→ Work order: Beginning with the line where "Casa à venda com 140m², 4 quartos e 2 vagas Casa" appears, restate each line word for word until the data ends. Pictures do not go in.

[Stored items from a collection]
┄┄┄┄┄┄┄┄┄┄
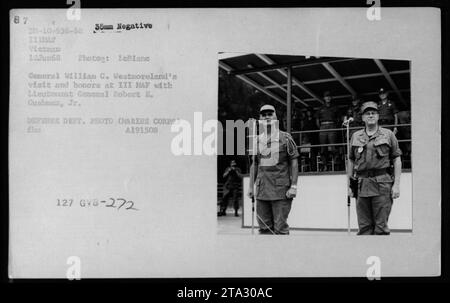 Il generale William C. Westmoreland, accompagnato dal tenente generale Robert E. Cushman Jr., visita il III MAF durante la guerra del Vietnam. L'immagine mostra ufficiali militari e funzionari che onorano il generale Westmoreland durante la sua visita. Foto Stock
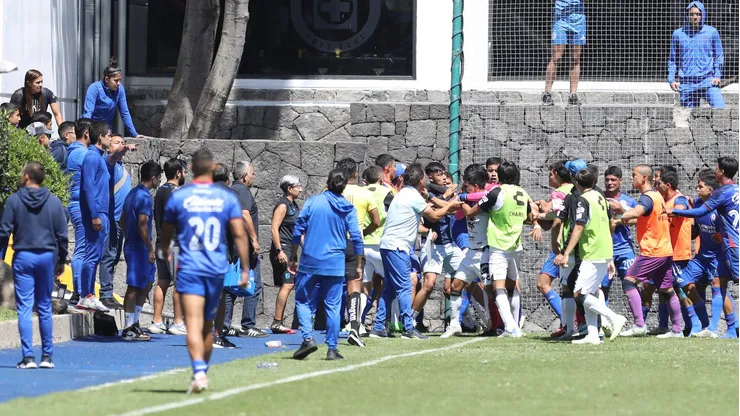 Cementeros y Gallos Blancos se enfrascaron en un conato de bronca que terminó con varios expulsados.
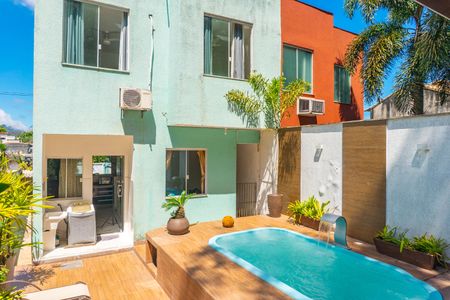 Casa à venda com 140m², 4 quartos e 2 vagas Casa à venda com 140m², 4 quartos e 2 vagasPiscina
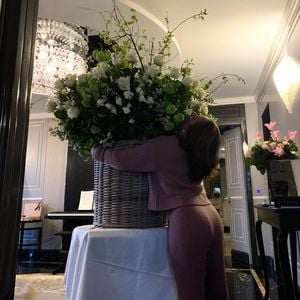 Freund schenkt Lady Gaga XXL-Blumenstrauß zum Geburtstag!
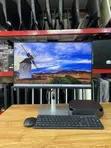 HP Z2 G3 Mini Workstation na Dell Monitor 24" - 2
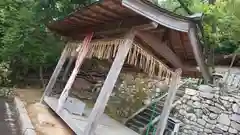 末刀岩上神社の建物その他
┄┄┄┄┄┄┄┄┄┄
→ Answer area:
 Casa à venda com 140m², 4 quartos e 2 vagas Casa à venda com 140m², 4 quartos e 2 vagasPiscina
 Freund schenkt Lady Gaga XXL-Blumenstrauß zum Geburtstag!
 HP Z2 G3 Mini Workstation na Dell Monitor 24" - 2
 末刀岩上神社の建物その他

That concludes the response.